Pope Francis’ pastoral concerns in this Christmas, 2015, as during his whole pontificate to date, have been centered on “mercy” for those campaigning for various marital and sexual “freedoms”, on “freedom” for the environment from the ravages of the human hand, and for “freedom” of the poor from the exploitation of the rich. This latter concern has caused many people to label him a communist pure and simple, and for those obsessed with communism to associate his sexual and environmental activism with his general Marxist tendencies.

I categorically reject the idea that the pope is a communist. Moreover, his pastoral program is not flawed because of a concern for “mercy” as such. Quite frankly, I also believe that we are facing a great environmental crisis, and that this is connected with the naturalist Enlightenment and an Industrial Revolution whose wretched environmental consequences Catholics were among the first who were active in lamenting. Moreover, I also am convinced that we have a global, neo-liberal, unchained free market inspired disaster on our hands that is ensuring a massive exploitation of the poor by the rich in the developed lands as well as in the Third World.

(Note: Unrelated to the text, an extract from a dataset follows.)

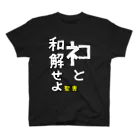 NECOSUKE'S DEPT STOREの愛の使徒TYPE-1 Regular Fit T-Shirt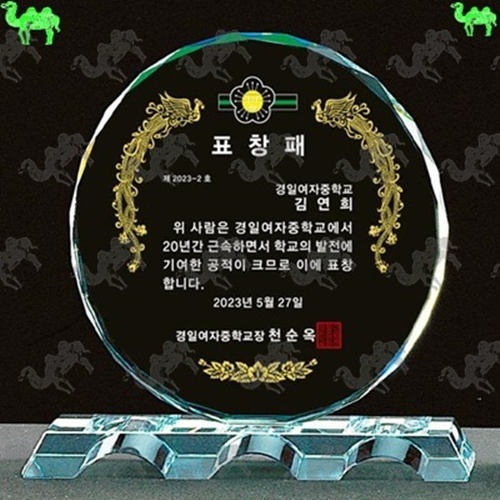 표창패 크리스탈상패 3888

The problem with the pope’s message in Christmastide, 2015 is that he is singing the modern song of “thud”. He is calling, in practice, for the need for a “correction” and “transformation” of Catholic doctrine to aid in the “restoration of all things” not in Christ but “in fallen nature”. He is not telling us to pay homage to the child in the crèche and accept His corrective and transforming Social Kingship. He is not speaking in a Christ-centered fashion.

Hence, his “mercy” will ensure carte blanche for marital and sexual chaos; his environmentalism not only favors pagan naturalism and the validation of spiritual, film, and think-tank gurus of a simultaneously most dangerous and painfully lame taste, but also institutions like the World Bank that manipulate it for the profit of the global elite; his “humble” concern for the “poor” ends in a series of pointless gestures that every bureaucratic and capitalist card shark can find a way to dine off of in the future. Sad to say, the lack of the proper crèche-centered focus also simply permits every rabid nationalist, polluter of God’s earth, and libertarian to make it seem that they form the army of St. Athanasius in our own time that Catholics must support or die.

Our crèche-less modern world’s willful message of “don’t tread on me and my uncorrected natural will”---whether it be expressed with reference to the supposedly “Marxist” issues seemingly dear to the heart of the pope, or to those other economic and nationalist idols of the naturalist Enlightenment dear to the hearts of some “conservatives”, “libertarians”, or “American exceptionalists”---is always sung to the same single boring tone of “thud”: the tone produced by the human mind and heart that plunged from its medieval heights on a downward trajectory to a fallen---though not intrinsically evil--earth.

Our only means of fighting the Catharist despair that must come when men realize that the endless clash of free wills that will not accept correction in Christ reveals the universe to be a meaningless entity; our only chance of pointing things into a proper hierarchy of values and hearing the “music of the spheres” is to stand above our Zeitgeist and judge it. And the best first step to that goal comes from turning our eyes away from the lions and tigers and bears that our current Francis shined on St. Peter’s façade and focusing them on the oxen and donkeys led onto the crèche by a different Francis on a Christmas long ago at Greccio.